Would it have a sufficiently large hard drive and enough RAM?
She lives about 120 miles from me so I can not check the details myself.
Thanks for any info.


----------



## ClubMan (15 Feb 2007)

What are the specs of that laptop - e.g. _CPU _type and speed, memory, disk space, graphics card/subsystem? What does she use it and broadband for? Chances are any half decent (and maybe even a not even decent like my mother's!) _PC_/laptop will be fine for general web browsing etc. If she wants to do multimedia stuff, music/movie streaming etc. then that may be a different matter. Broadband of itself does not necessarily put much load on the host machine's resources.


----------



## lasno (15 Feb 2007)

Thanks for the reply. Thats the problem I cant check to see what memory etc it has.

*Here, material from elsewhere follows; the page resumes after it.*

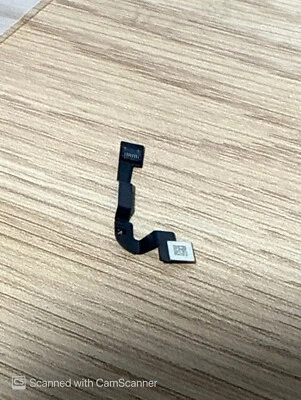 Apple MacBook Air(13/15-inch,M3,2024 A3113/14 emc8611/12 Amr Sensor With Light C - Image 1 of 4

She will only be using it for general browsing, email etc.


----------



## ClubMan (15 Feb 2007)

Sorry didn't see that earlier - can she not check the specs herself (at least do _Start -> My Computer -> _right click _-> Properties -> General _to get the _CPU _type/speed and _RAM_ and also  _Start -> My Computer -> _right click _-> Manage -> Disk Management _to check the hard disk capacity)?


----------



## lasno (15 Feb 2007)

I will try and talk her through that! thanks


----------



## ClubMan (15 Feb 2007)

Chances are if the laptop is sufficient for her offline needs then it will also be OK for her online needs. Note definite of course but likely.


----------